How to complete this task: All of the data below should be printed again exactly, pictures excluded.

Provided data START

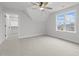 Bright bedroom with window, closet, and ceiling fan at 184 Dereham Ln, Garner, NC 27529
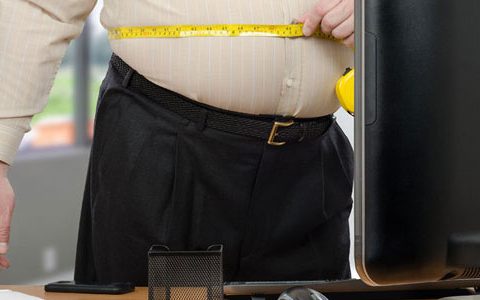 Ein übergewichtiger Mann steht am Arbeitsplatz und misst seinen Bauch mit einem Maßband.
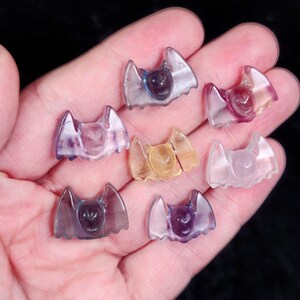 May include: A collection of small, translucent bat figurines in various colors, including purple, yellow, and clear. The bat figurines are held in a hand, showcasing their intricate details and unique shapes. The bats are likely made of a crystal or glass material.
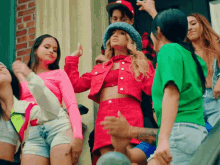 a woman in a red jacket is surrounded by other women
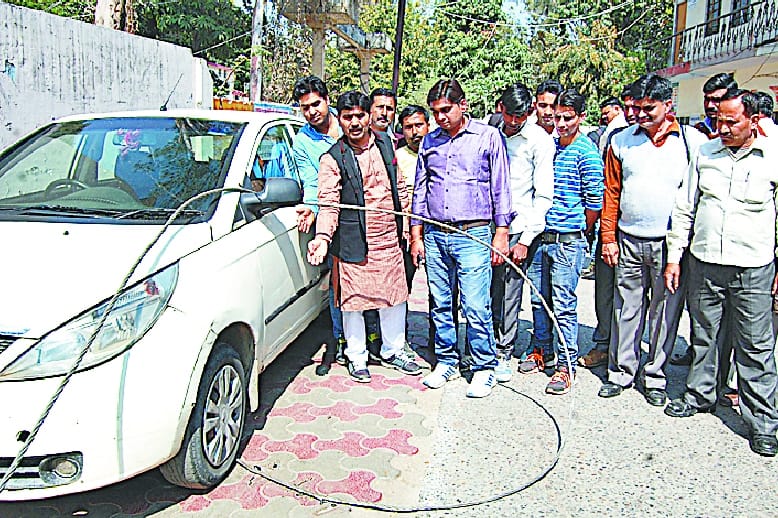 High tension wire fell down on car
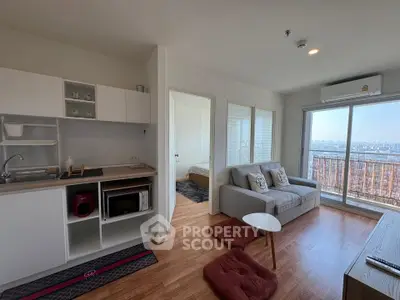 Modern open-plan living room with city view and cozy furnishings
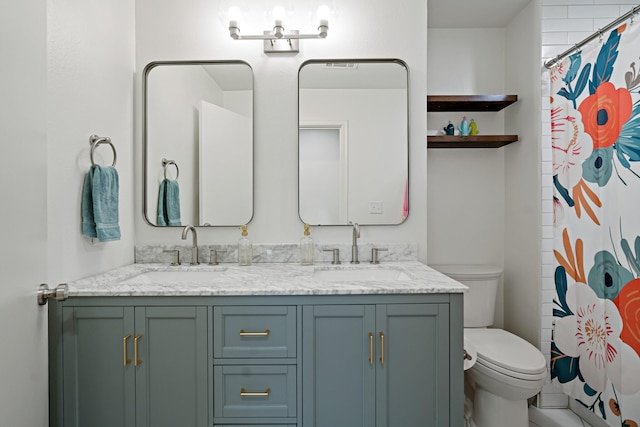 bathroom with vanity, toilet, and walk in shower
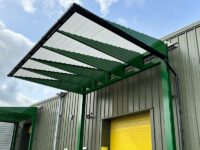 Large green loading bay canopy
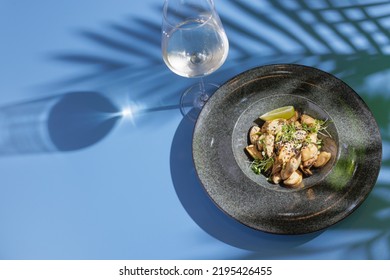 Peeled Mussels On A Dark Plate With Lemon On A Blue Background With A Shadow From A Palm Tree, Top View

Provided data END

Answer area:
 Bright bedroom with window, closet, and ceiling fan at 184 Dereham Ln, Garner, NC 27529
 Ein übergewichtiger Mann steht am Arbeitsplatz und misst seinen Bauch mit einem Maßband.
 May include: A collection of small, translucent bat figurines in various colors, including purple, yellow, and clear. The bat figurines are held in a hand, showcasing their intricate details and unique shapes. The bats are likely made of a crystal or glass material.
 a woman in a red jacket is surrounded by other women
 High tension wire fell down on car
 Modern open-plan living room with city view and cozy furnishings
 bathroom with vanity, toilet, and walk in shower
 Large green loading bay canopy
 Peeled Mussels On A Dark Plate With Lemon On A Blue Background With A Shadow From A Palm Tree, Top View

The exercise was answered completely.